Try it: Skip the pictures, please, and write out exactly every line from the one containing "Vista previa - Juegos" through the end of the listing below.

Study material:

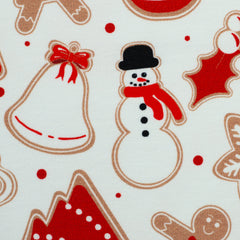 Sweatshirt Stoff Holly Lebkuchen & Co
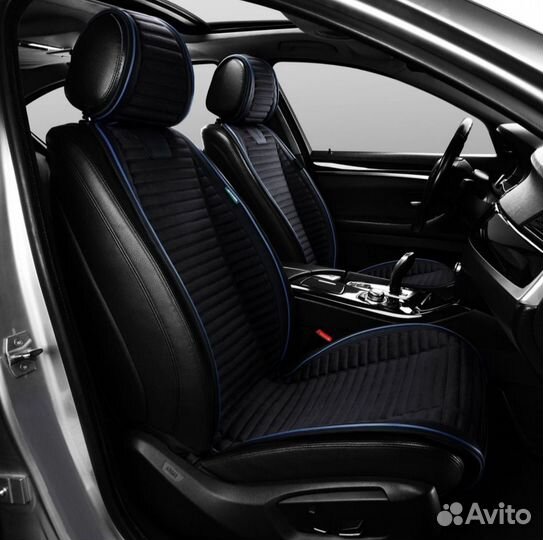 Велюровые накидки на сиденья премиальные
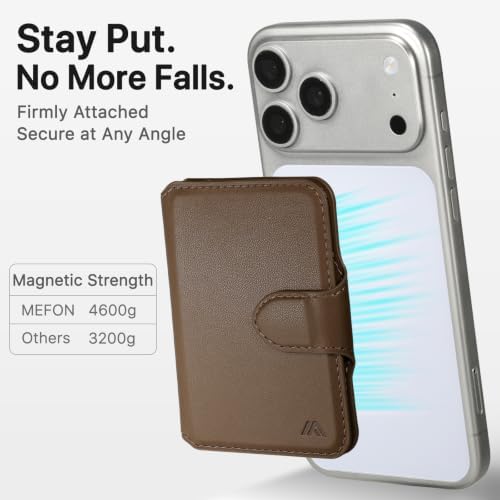 for MagSafe Wallet, Magnetic Phone Wallet RFID Blocking Strong Magnet - Image 3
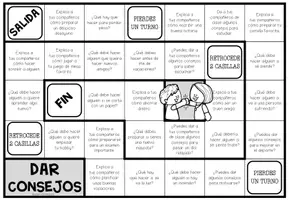 Vista previa - Juegos / Gamificación - DAR CONSEJOS - Juego de mesa de conversación - página 2
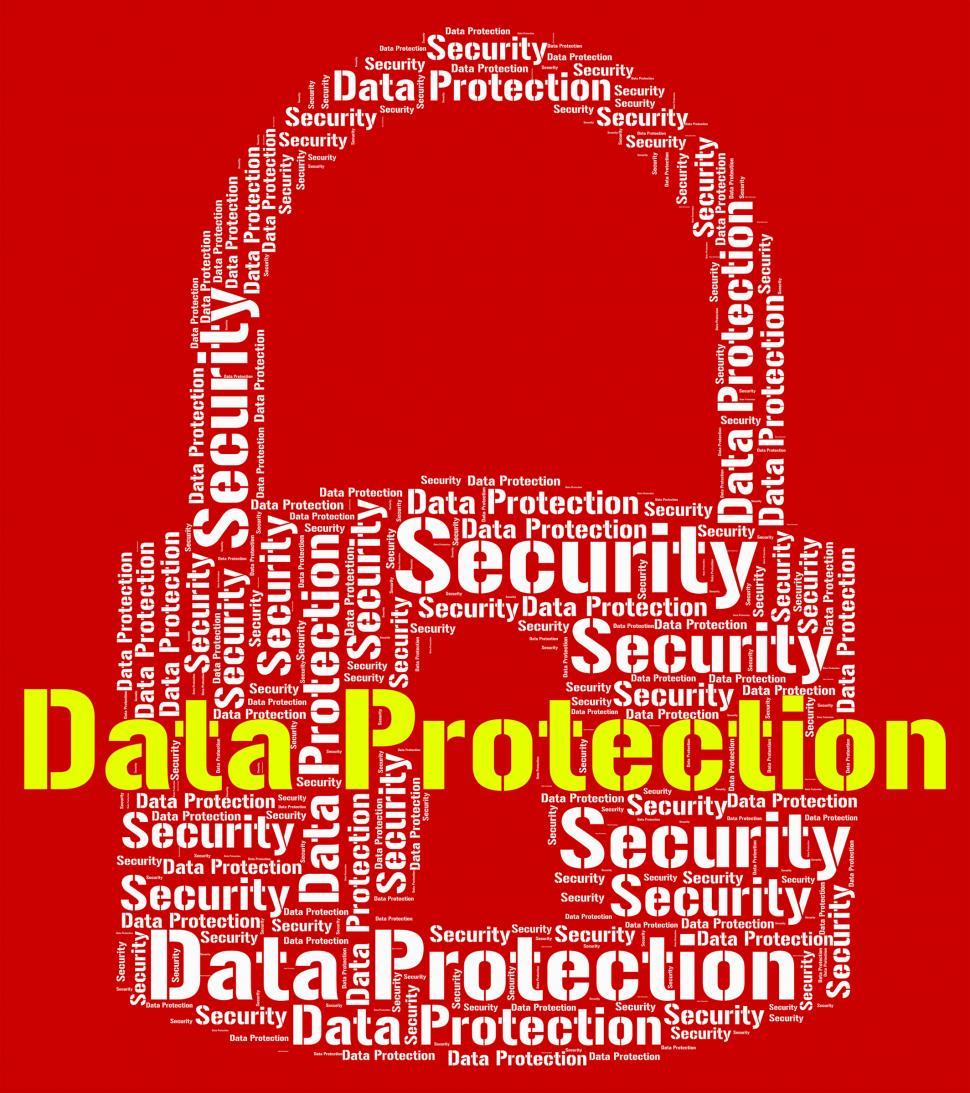 Free Image of Data Protection Represents Forbidden Secured And Wordcloud 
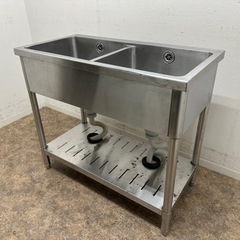 業務用 ステンレス 2槽シンク流し台 店舗 飲食店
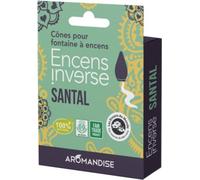 Cônes d'encens pour fontaine à fumée Bois de santal - Inverse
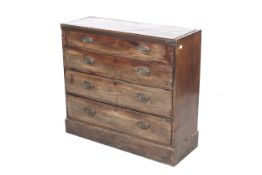 A Regency style 'bachelor's' chest of drawers secretaire.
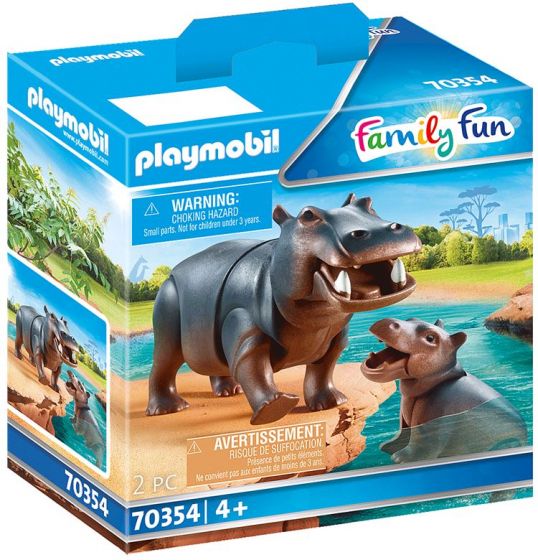 Playmobil Family Fun Zoo Flodhest med baby 70354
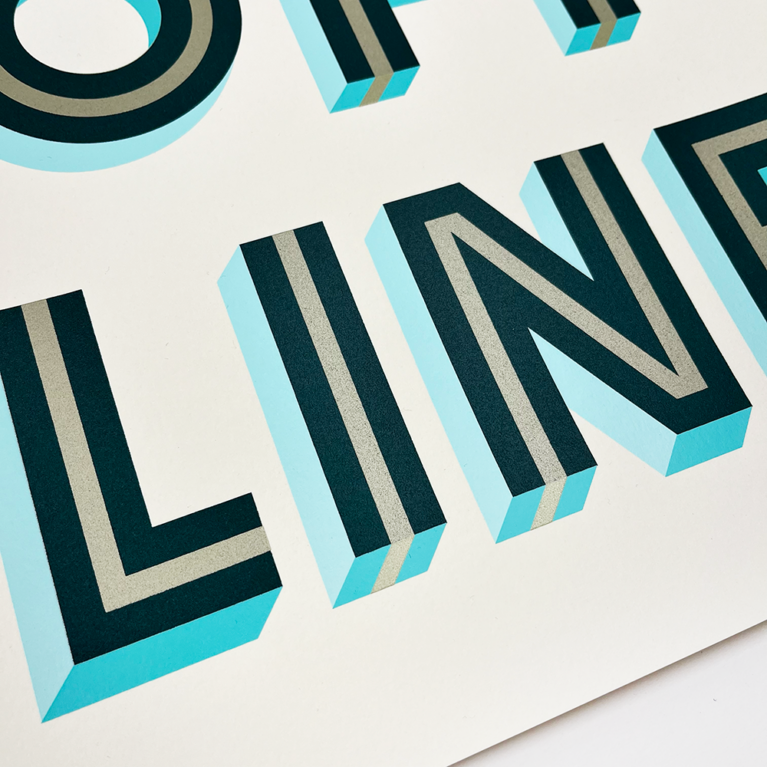 Pawel Print Club London Screen Print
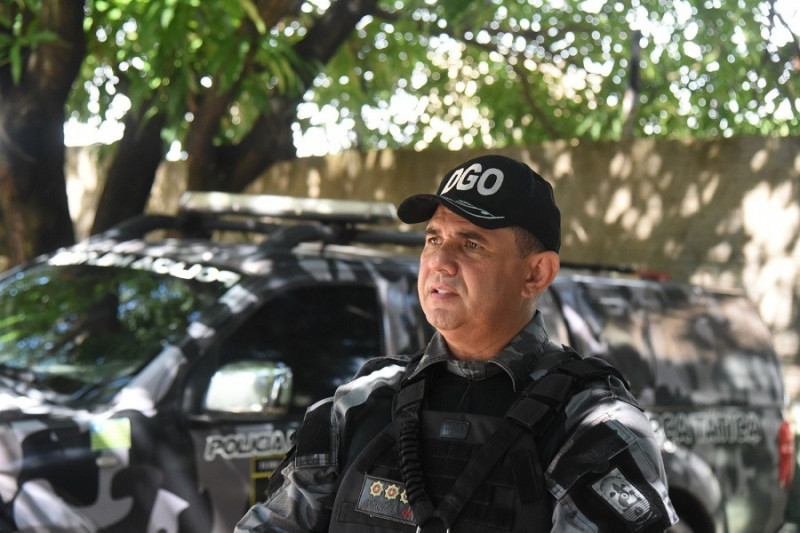 Coronel Jacks Galvão, chefe do Departamento Geral de Operações (DGC), da Polícia Militar do Piauí - (Assis Fernandes/ODIA)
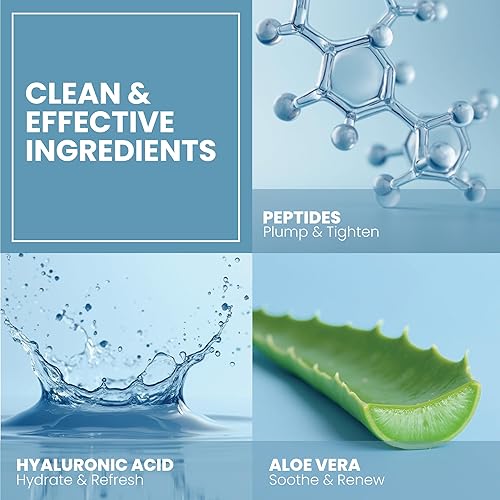 Miniatura 8 de Suero de péptido de colágeno para la cara, tratamiento facial antienvejecimiento con péptidos y ácido hialurónico, fórmula suave para pieles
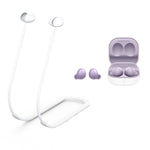 2個セット Bluetooth イヤホン シリコン紛失防止コード Samsung Galaxy Buds 2 用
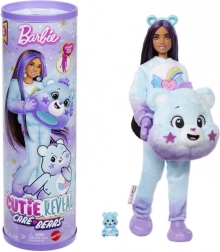 Barbie Cutie Reveal – Urșii Îngrijitori, seria 2, păpușă mov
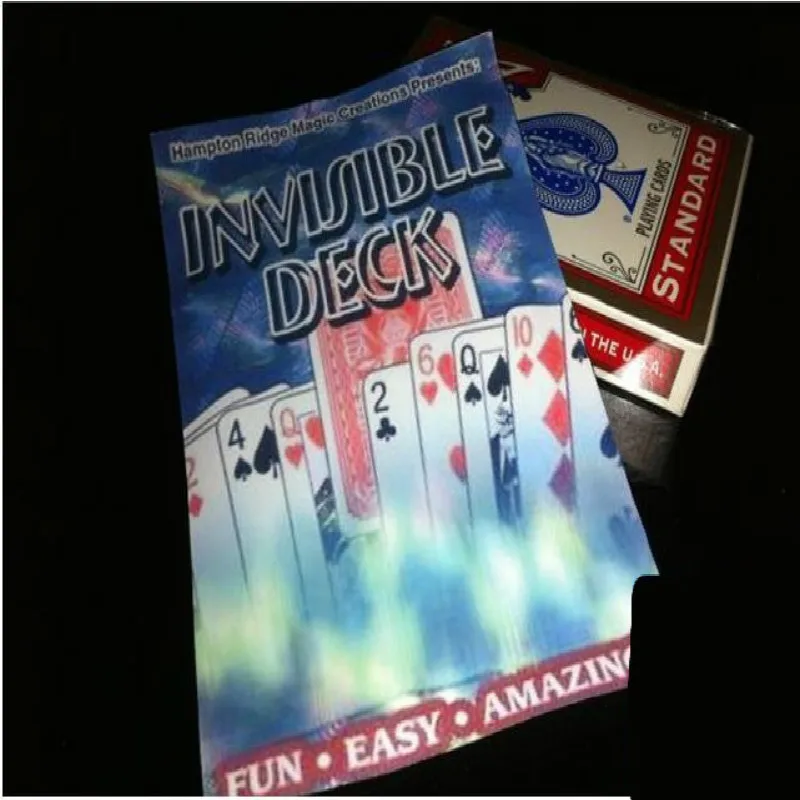 Невидимые Bycicle Волшебные трюки колоды карты магические реквизит игрушки крупным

Solved problem:
 Vista previa - Juegos / Gamificación - DAR CONSEJOS - Juego de mesa de conversación - página 2
 Free Image of Data Protection Represents Forbidden Secured And Wordcloud 
 業務用 ステンレス 2槽シンク流し台 店舗 飲食店
 Cônes d'encens pour fontaine à fumée Bois de santal - Inverse
 A Regency style 'bachelor's' chest of drawers secretaire.
 Playmobil Family Fun Zoo Flodhest med baby 70354
 Pawel Print Club London Screen Print
 Coronel Jacks Galvão, chefe do Departamento Geral de Operações (DGC), da Polícia Militar do Piauí - (Assis Fernandes/ODIA)
 Miniatura 8 de Suero de péptido de colágeno para la cara, tratamiento facial antienvejecimiento con péptidos y ácido hialurónico, fórmula suave para pieles
 2個セット Bluetooth イヤホン シリコン紛失防止コード Samsung Galaxy Buds 2 用
 Barbie Cutie Reveal – Urșii Îngrijitori, seria 2, păpușă mov
 Невидимые Bycicle Волшебные трюки колоды карты магические реквизит игрушки крупным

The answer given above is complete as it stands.